# Pick a number that's not (this one).

Hiya!

I want to do something secret that is completely dependent on choosing TWO things from the same list of possibilities, while making sure the SECOND pick is NOT the FIRST.
And I’m not yelling, it’s just that I7 is laughing at me.

Anyone know of a good way to do this? Plz?

How do you have the list represented? If it’s a range of numbers you could do something like this:

```Let first number be a random number between 1 and 10; let second number be a random number between 1 and 10; while second number is first number: [tab]now second number is a random number between 1 and 10;```

Of course you need to make sure the range has more than one thing in it to avoid an infinite loop.

will that work with this?

```Table of stuff number output 1 "Ding" 2 "Dong" 3 "The" 4 "Witch" 5 "Is" 6 "Dead"```

Yeah, you’d just have to add something like this:

```now first output is the output entry corresponding to a number of first number in the Table of Stuff; now second output is the output entry corresponding to a number of second number in the Table of Stuff.```

There are lots of other ways to do it, too. If you’re only going to do this once, so it doesn’t matter whether the Table of Stuff gets defaced, you could do something like this:

```choose a random row in the table of stuff; now the first output is the output entry; [note that this means "output entry in the row we've just chosen"] blank out the whole row; choose a random row in the table of stuff; now the second output is the output entry.```

You’d have to make sure that you don’t wind up with a completely blank table before choosing a random row, though!

If the Table of Stuff is a little less defaceable you could do this:

```Sort the Table of Stuff in random order; now first output is the output in row 1 of the Table of Stuff; now second output is the output in row 2 of the Table of Stuff.```

This will shuffle the order of the Table of Stuff but will leave all the rows intact.

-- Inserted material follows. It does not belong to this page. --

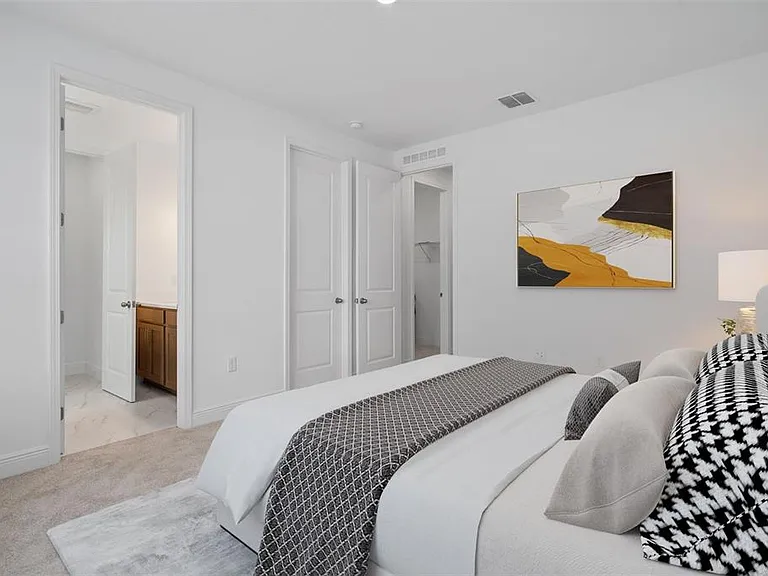 6573 Quest St — Photo 14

If the Table of Stuff needs to stay in the same order you could adapt the original solution:

```choose a random row in the Table of Stuff; now the first output is the output entry; choose a random row in the Table of Stuff; now the second output is the output entry; while the second output is the first output: choose a random row in the Table of Stuff; now the second output is the output entry;```

I’m not absolutely positive about this because checking whether two strings are the same can get wonky in Inform. Again, you need to make sure there are at least two rows or you’ll get an infinite loop.

In general there are lots of fun things you can do with tables–chapter 16 of the documentation is worth looking through. Also note that for most of these solutions I didn’t use the number column of the table. If you have a table you can choose random rows or look at row 1/row 2/etc. even if the table doesn’t have a column that’s labeled with a number, though the number could be useful if you’re using the random-sort method and you want to restore the original order, since you can just sort the table in number order.

Try using this instead.

``while the second output exactly matches the text of the first output``

It’s much better for comparing 2 strings.

Hope this helps.

Hm? No, “is” and “exactly matches” do the same thing in 6L38.

There was a bug in the vicinity of comparing text strings, though, wasn’t there? Was that fixed in 6L38?

The definition of string identity was harder to explain in earlier versions, and also there were bugs. It’s cleaned up now.

But “20.5. Matching and exactly matching” in The Inform Documentation says they are not the same. Documentation bug?

Can this be augmented to a phrase like this?``` now X is a random number between Y and Z that is not A or B or C; ```or something to that effect?

If you wanted to write “that is not A or B or C” you’d need a different phrase for “that is not A or B or C or D” or something like that. Tedious! But you can use a list:

[code]To decide what number is a random number between (x - a number) and (y - a number) but not in (LN - list of numbers):
let k be a random number between x and y;
while k is listed in LN:
let k be a random number between x and y;
decide on k.

When play begins:
repeat with k running from 1 to 100:
let N be a random number between 1 and 10 but not in {2, 3, 5};
say N.[/code]

This is pretty dangerous because if there are no valid numbers it will loop infinitely. If you want to make sure that won’t happen, you can write a phrase that compiles a list of numbers and removes your list from it, then selects a random element from the list… if you have a lot of numbers that might be inefficient, because lists can eat up a lot of memory (I think).